It snowed last night, several inches, which is unusual in southern Kansas. Snow, snow, snow, let it snow, we used to say as kids, hoping that school would be cancelled, which is what happened today, February, o2, 2022.

Or 2/2/22, a palindrome date.

Looky, looky, looky
Yuki, yuki, yuki
We’re playing hooky

Bashō no yōna, February 2, 2022

Note. Hooky, skipping school without permission. Tom Sawyer and Huck Finn often played hooky.

yuki, snow

Basho on Snow and Winter

From the book Oi no kobumi, Winter 1687-8:

いざ行かむ 雪見にころぶ 所まで
Iza yukan / yukimi ni korobu / tokoro made

Let’s go out
And see the snow
Until we slip and fall.

Matsuo Basho, Oi no kobumi, Winter 1687-8

A child grow up and the snow is not his friend. Still, snow on Mt. Fuji is a thing of beauty.

冬の日や馬上に氷る影法師
fuyu no hi ya / bashō ni kōru / kagebōshi

A winter’s day
me and my shadow
frozen on horseback

一尾根はしぐるる雲か 富士の雪
hito one wa / shigururu kumo ka / Fuji no yuki

over the ridge
Winter showers
is there’s snow on Mount Fuji? 

Matsuo Basho, Oi no kobumi, early Winter 1687-8

Oi no kobumi

In English, Notes from my Knapsack, or Backpack Notes, 笈の小文, October 25, 1687 to June 1688. Matsuo Basho was 44 when he began this round-Robin trip, reciting verse, from Edo to Iga, then Nagoya, to the grand Ise shrine, and from Nara to Otsu, and home again. Like a child going to school he carried a knapsack, oi 笈, usually made of bamboo.

Snow on Mt. Fuji

There are many translations of Matsuo Basho’s haiku. Not surprisingly they do not all agree. Many a slip twixt the cup and the lip, said Robert Burns. In our case, between pen, the word, and the ear.
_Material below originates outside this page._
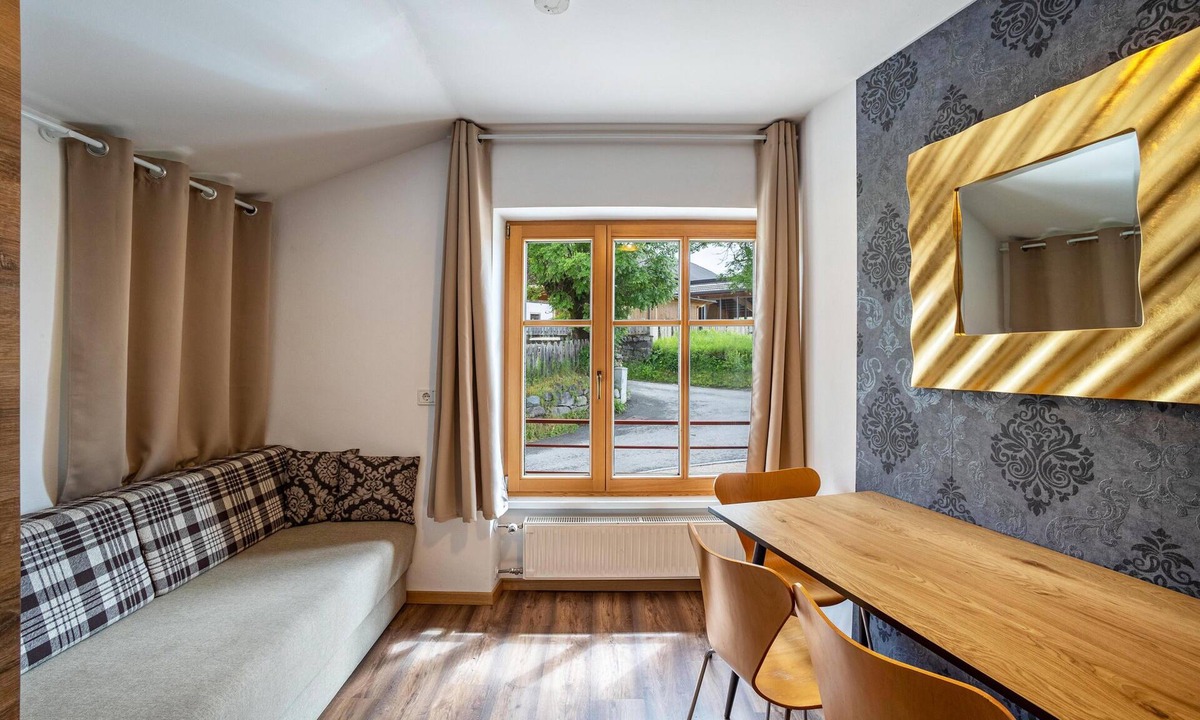 Issengo Apartment | Residence Grünbacher Apartment 7 with Balcony and Shared Pool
In the last haiku, being away form Edo, I suspect Matsuo was wondering if the snow had yet appeared at Mt. Fuji. In late fall, snow flurries make their first appearance at Mount Fuji. And, typically, Fuji is snow-capped five months out of the year. Traveling by horse over the hills in a winter storm, wondering is there snow on Mt. Fuji. This question arises because the character か, ka appears prior to snow on Mt. Fuji (shigururu kumo ka / Fuji no yuki).
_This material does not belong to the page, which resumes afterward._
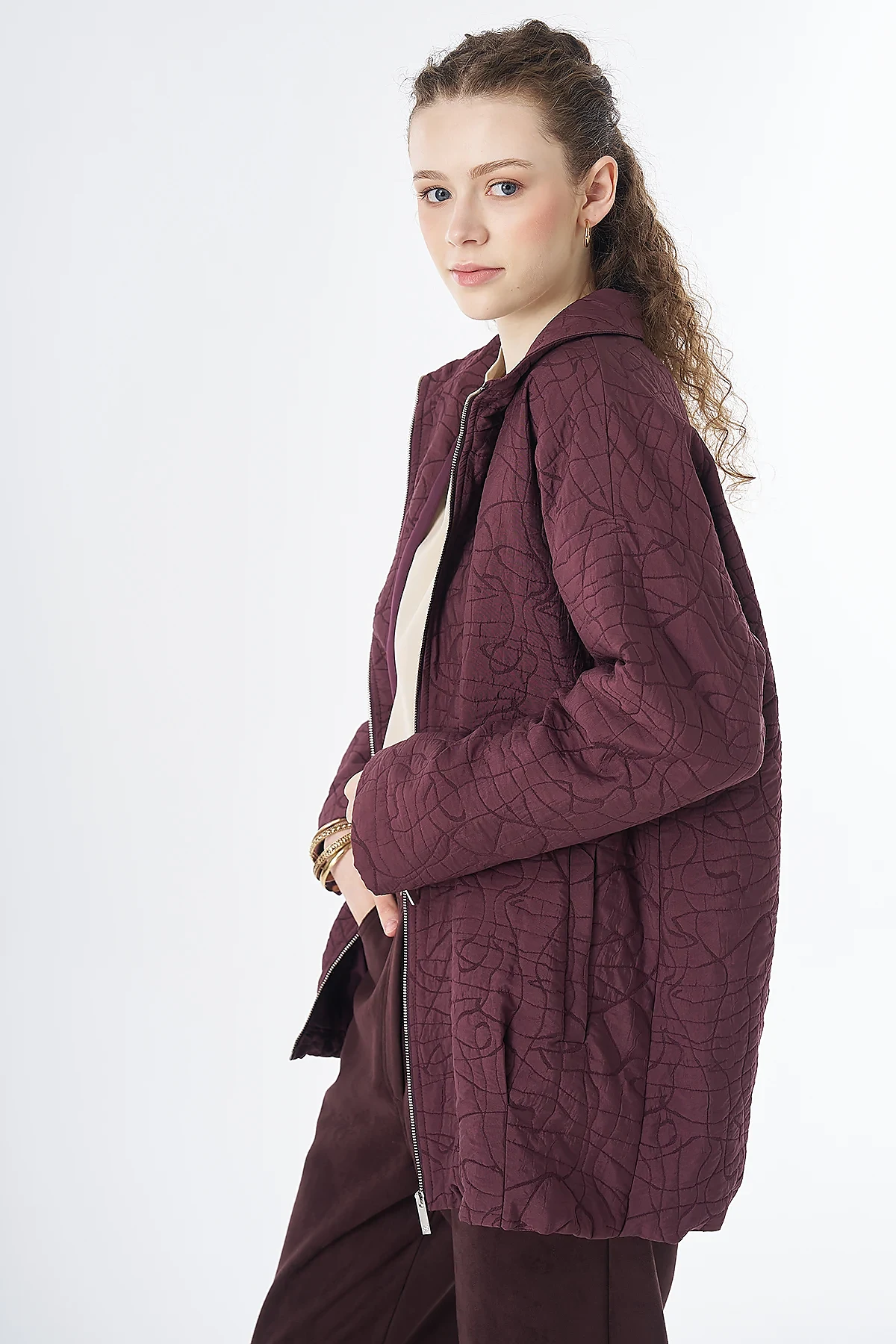 Stand-Up Collar Quilted Jacket Burgundy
http://www.metmuseum.org/art/collection/search/56990

Winter Sleet

At this moment, in the Winter of 2022, a snow storm is crossing much of the eastern United States from Boston to Norfolk. Here in the Midwest, the sky is spectacularly clear, China blue, but bitterly cold. While chattering birds look down from the trees above, scampering squirrels hunt for food in my garden.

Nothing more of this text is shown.